The burial service will begin at 1 p.m. at Palmer Funeral Home and Southlawn Cemetery. Attorney General Curtis Hill will speak on behalf of the state of Indiana.

National Director of Priests for Life Rev. Frank Pavone is flying in for the funeral. He has been following this case closely, even speaking at a press conference in South Bend days after the news broke.

"We've done a lot of similar burials in different places. We reached out pretty much from the beginning saying we are available to help; anything we can do," Pavone said.

Klopfer operated abortion clinics in South Bend, Gary and Fort Wayne. After he died in September 2019, his family reported finding fetal remains on Klopfer's personal property.

An investigation found that Klopfer also kept thousands of medical records on his Illinois property.

"The reaction across the country has been very interesting because people are so disturbed and upset by the discovery of the bodies, more so in some cases than by the reality of abortion itself," Pavone said.
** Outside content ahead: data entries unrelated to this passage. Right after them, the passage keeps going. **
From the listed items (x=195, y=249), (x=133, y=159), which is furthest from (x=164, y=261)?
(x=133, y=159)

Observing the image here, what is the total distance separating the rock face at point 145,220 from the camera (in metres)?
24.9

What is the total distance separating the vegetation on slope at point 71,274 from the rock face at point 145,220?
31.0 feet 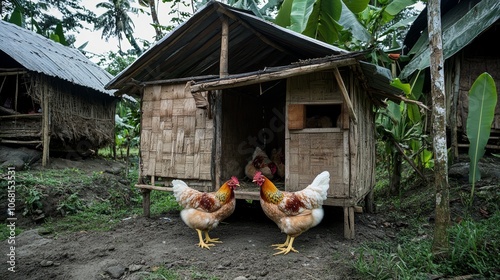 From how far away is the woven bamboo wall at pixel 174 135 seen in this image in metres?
5.53

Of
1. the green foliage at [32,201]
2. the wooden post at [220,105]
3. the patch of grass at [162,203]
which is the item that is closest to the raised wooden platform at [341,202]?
the wooden post at [220,105]

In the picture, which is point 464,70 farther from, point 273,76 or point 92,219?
point 92,219

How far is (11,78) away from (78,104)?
2.55 meters

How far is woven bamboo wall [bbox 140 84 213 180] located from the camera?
5531mm

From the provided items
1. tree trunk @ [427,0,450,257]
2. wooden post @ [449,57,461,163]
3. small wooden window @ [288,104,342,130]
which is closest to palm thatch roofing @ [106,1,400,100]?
tree trunk @ [427,0,450,257]

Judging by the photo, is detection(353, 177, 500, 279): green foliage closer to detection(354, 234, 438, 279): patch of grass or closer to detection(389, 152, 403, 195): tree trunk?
detection(354, 234, 438, 279): patch of grass

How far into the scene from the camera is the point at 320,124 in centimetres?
567

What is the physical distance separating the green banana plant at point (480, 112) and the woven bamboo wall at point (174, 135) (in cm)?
411

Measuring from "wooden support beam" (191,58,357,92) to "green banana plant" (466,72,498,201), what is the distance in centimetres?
233

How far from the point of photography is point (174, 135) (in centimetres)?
579

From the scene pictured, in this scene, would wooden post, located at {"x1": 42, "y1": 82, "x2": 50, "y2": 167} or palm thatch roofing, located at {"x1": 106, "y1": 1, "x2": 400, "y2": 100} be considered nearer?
palm thatch roofing, located at {"x1": 106, "y1": 1, "x2": 400, "y2": 100}

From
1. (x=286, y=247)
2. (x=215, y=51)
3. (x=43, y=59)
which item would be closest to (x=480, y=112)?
(x=286, y=247)

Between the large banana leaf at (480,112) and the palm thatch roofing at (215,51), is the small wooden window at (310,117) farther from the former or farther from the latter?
the large banana leaf at (480,112)

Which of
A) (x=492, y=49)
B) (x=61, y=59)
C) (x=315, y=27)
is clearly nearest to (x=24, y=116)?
(x=61, y=59)
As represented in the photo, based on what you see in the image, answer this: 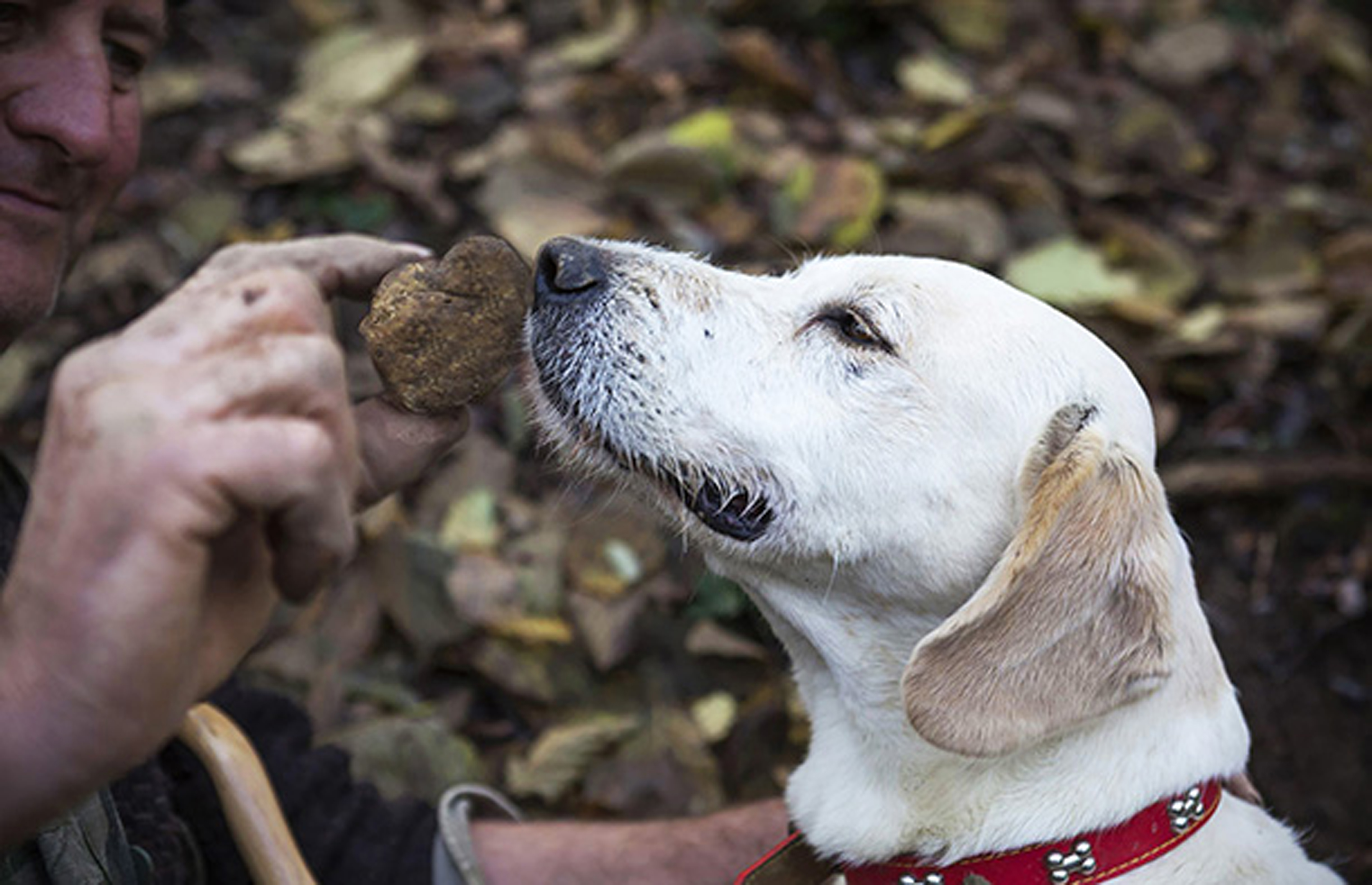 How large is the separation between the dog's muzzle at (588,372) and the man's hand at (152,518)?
0.79 meters

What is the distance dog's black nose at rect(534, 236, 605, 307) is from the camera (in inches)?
81.7

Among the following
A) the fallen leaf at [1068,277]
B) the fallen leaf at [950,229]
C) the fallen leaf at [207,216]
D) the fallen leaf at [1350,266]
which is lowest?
the fallen leaf at [1350,266]

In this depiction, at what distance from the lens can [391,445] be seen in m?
1.71

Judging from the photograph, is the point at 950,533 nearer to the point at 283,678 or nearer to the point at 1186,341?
the point at 283,678

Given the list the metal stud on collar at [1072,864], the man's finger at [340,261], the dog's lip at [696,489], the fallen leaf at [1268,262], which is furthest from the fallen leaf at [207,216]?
the fallen leaf at [1268,262]

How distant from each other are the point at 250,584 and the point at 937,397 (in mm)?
1104

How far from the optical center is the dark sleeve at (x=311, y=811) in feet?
7.30

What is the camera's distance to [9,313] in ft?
6.59

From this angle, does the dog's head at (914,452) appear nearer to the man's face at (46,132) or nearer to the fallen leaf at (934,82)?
the man's face at (46,132)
In a statement from last September, Whole Woman's Health Alliance, a local abortion provider, said they were "shocked" by the news, adding they "adhere to the highest healthcare standards" and treat their patients with "compassion and respect."

As a result of the unreliable nature of the accompanying records and the poor condition of the fetal remains, the AG’s office announced that it wouldn't be possible to make an independent verification of the identities of the individual fetal remains.

This, however, did not stop Pavone and others from naming all the remains. In fact, at the funeral Wednesday, Pavone plans to announce a new project called "Name the Children."

He also said this case could be a turning point.

"It could be a turning point in the minds and hearts of a lot of people if we have the courage to talk about it," Pavone said.